GENEVA - European chip maker STMicroelectronics NV, hit by costs from a spinoff and an acquisition, reported a loss for the first quarter and fell short of Wall Street expectations, but its shares rose Tuesday on its optimistic outlook.
The stock traded up 4.5 percent at $12.08 on the Paris stock exchange Tuesday.
The company issued a statement in New York late Monday saying it lost $84 million, or 9 cents per share, during the first three months of the year compared with a profit of $74 million, or 8 cents per share, during the same period in 2007.
Excluding restructuring and impairment charges and other items, STMicroelectronics earned 13 cents per share on revenue of $2.48 billion in the first quarter. On the same basis, analysts polled by Thomson Financial expected, on average, a profit of 18 cents per share on sales of $2.52 billion.
Chief Executive Carlo Bozotti said the company predicts growth "much stronger" than 4 percent to 6 percent. Orders in the current quarter are "very strong" and there are "initial good signs" for the third quarter, Bozotti said on a conference call.
He shrugged off concerns about the wireless chip market after disappointing results for mobile phone makers, a major customer for STMicro. But he said the declining U.S. dollar was a concern because the company generates most of its revenue in the U.S. currency.
"We have worked on reducing our dependence on the euro, but no matter how fast we move in that direction, the decline of the dollar is faster," Bozotti said.
The company, formed by the merger of French and Italian state-owned chip makers in 1987, said it expects second-quarter sales to increase as much as 11 percent from the first quarter's $2.18 billion, excluding the spun-off flash memory division.

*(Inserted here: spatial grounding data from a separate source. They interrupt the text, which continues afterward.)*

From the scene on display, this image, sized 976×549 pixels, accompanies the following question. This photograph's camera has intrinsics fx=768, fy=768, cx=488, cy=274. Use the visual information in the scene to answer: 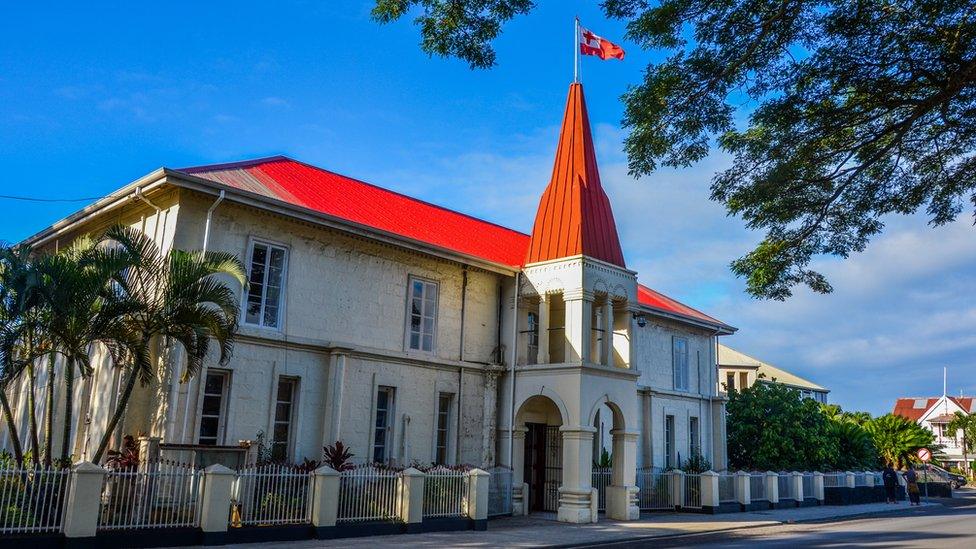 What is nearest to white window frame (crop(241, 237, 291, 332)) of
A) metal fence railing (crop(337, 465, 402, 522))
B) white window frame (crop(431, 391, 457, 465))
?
metal fence railing (crop(337, 465, 402, 522))

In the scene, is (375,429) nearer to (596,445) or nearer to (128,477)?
(128,477)

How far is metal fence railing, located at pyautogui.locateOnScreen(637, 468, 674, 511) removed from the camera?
22.2m

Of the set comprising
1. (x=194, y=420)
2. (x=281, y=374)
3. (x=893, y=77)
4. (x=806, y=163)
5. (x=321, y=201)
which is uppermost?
(x=321, y=201)

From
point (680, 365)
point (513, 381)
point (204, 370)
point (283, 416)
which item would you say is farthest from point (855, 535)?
point (204, 370)

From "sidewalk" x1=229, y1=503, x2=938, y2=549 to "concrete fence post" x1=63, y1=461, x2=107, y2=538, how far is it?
253 cm

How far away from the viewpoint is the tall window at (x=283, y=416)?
52.3 ft

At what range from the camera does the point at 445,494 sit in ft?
52.3

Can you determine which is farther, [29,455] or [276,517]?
[29,455]

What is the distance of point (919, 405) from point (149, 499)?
108155 mm

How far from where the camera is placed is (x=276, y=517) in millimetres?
13234

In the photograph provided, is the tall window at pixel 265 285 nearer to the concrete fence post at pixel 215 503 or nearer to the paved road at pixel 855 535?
the concrete fence post at pixel 215 503

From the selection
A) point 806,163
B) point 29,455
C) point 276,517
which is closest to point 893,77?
point 806,163

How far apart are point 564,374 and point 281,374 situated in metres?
6.76

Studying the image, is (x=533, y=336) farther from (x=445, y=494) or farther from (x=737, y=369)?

"The outlook on Q2 is better than we expected," CM-CIC Securities analyst Francois Gobron in Paris said in a note to investors. "It shows that the weak activity seen in Q1 should not persist for the rest of the year."
The company recently closed a deal to create a flash memory chip joint venture with Intel Corp. and investment company Francisco Partners. STM spun off its flash memory business into the new company, Numonyx. Also in the first quarter it closed its $336 million purchase of Genesis Microchip Inc., based in Alviso, Calif.